Sin duda tenemos grandes retos que superar. Los mexicanos debemos trabajar para abatir la pobreza y cerrar las brechas de desigualdad que nos separan; enfrentamos la necesidad inaplazable de combatir la inseguridad y poner un alto a los niveles récord de violencia en el País; tenemos que garantizar seguridad social, educación y acceso universal a la salud para todos. La estabilidad es la mejor base para alcanzar estos logros.

Sólo una economía sólida puede atraer inversiones, generar empleos bien remunerados y liberar recursos para garantizar una red de atención en materia de salud y educación. En los últimos 36 años, la escolaridad en México se duplicó al pasar de menos de 5 a casi 10 años en promedio (antes la mayoría de los mexicanos no terminaba la primaria; ahora, tiene más que la secundaria completa).
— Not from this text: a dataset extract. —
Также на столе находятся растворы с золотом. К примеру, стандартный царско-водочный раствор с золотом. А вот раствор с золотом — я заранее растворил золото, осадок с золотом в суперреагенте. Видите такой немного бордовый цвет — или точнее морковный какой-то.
La salud también tuvo grandes avances: hoy la esperanza de vida es casi 10 años mayor: pasó de menos de 68 años en 1983 a más de 77 años en 2017.

La apertura de nuestra economía al resto del mundo, además, nos ha convertido en una potencia manufacturera que genera mejores empleos. Más de uno de cada cinco puestos de trabajo en el País está vinculado al comercio internacional y en las manufacturas de exportación los salarios son en promedio 37 por ciento más altos. En los cinco estados que más exportan, la población en pobreza se redujo casi 20 por ciento en los últimos seis años; mientras que en las cinco entidades que menos exportan, este número creció 5 por ciento.
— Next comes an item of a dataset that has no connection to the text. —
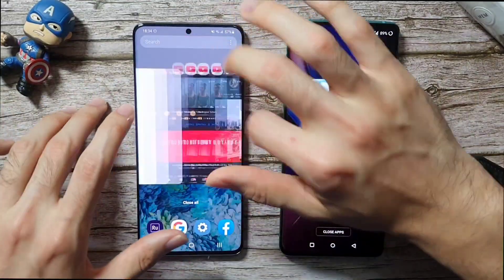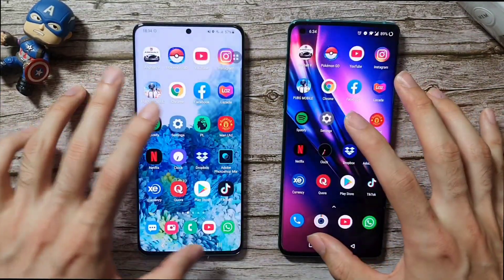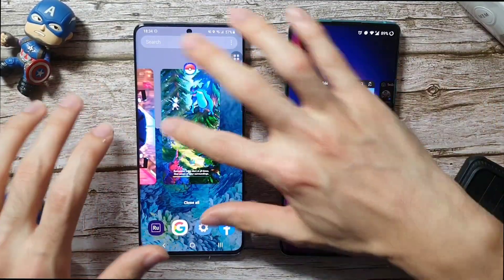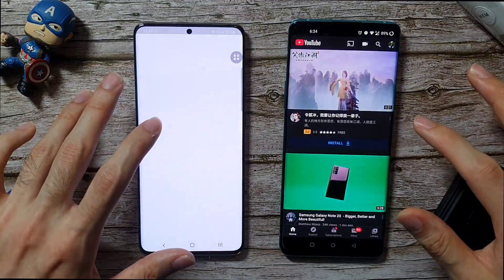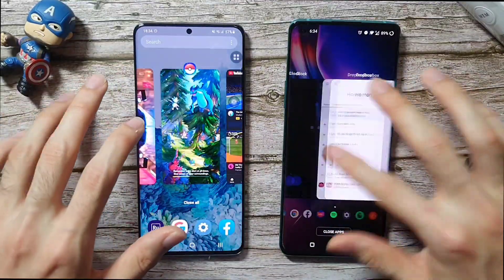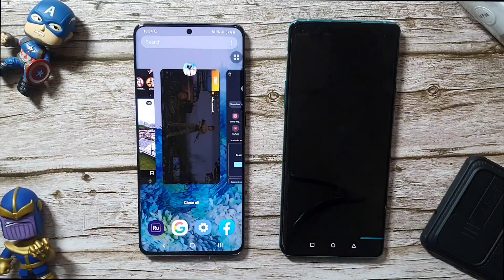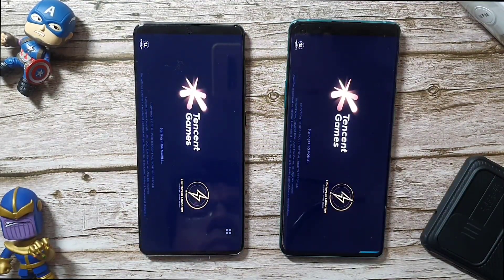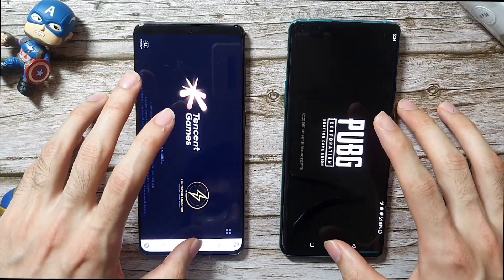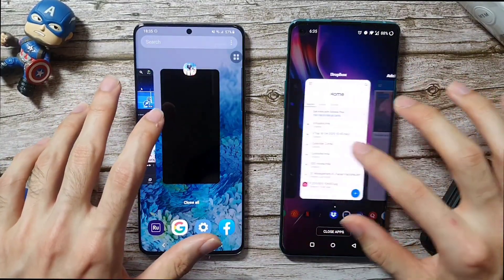Let's go to Pokemon Go. The OnePlus 8 Pro is doing very well; on the S20 Plus it has refreshed, which is surprising since Samsung usually does very aggressive RAM management — that's why the phone heats up, or so I know. If you guys have any theory, let me know in the comments. Let's check out some other apps — PUBG. It's very slow on the S20 Plus and both phones are refreshing, so minus points for those.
En los últimos años, finanzas públicas sanas y una política monetaria efectiva mantuvieron bajos niveles de inflación que permitieron que el PIB per cápita en el País se elevara en más de cuatro veces, al pasar de 2 mil dólares en 1983 a 8 mil 900 dólares en 2017. Si bien debemos acelerar el paso, los mexicanos de hoy tenemos un mayor ingreso que en el pasado.
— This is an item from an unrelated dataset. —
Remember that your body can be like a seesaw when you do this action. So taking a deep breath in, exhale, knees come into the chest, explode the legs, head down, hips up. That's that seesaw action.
También la desigualdad –medida con el índice de Gini– se redujo desde el inicio de los años ochenta. Pero los niveles alcanzados aún son inaceptables, tenemos que abrir nuevas y equitativas oportunidades de desarrollo. Por eso es fundamental que se aliente la competencia en los mercados, que se reduzcan los costos regulatorios y se fomente la libertad de empresa y la incorporación de las Pymes a las cadenas globales de valor.

Debemos garantizar que cualquier mexicano, sin importar su condición socioeconómica, pueda construir un mejor futuro sobre la base del esfuerzo. Para lograrlo –como lo ha demostrado la historia en México y el resto del mundo– no hay mejor vía que apostar por la libertad de los individuos y los mercados.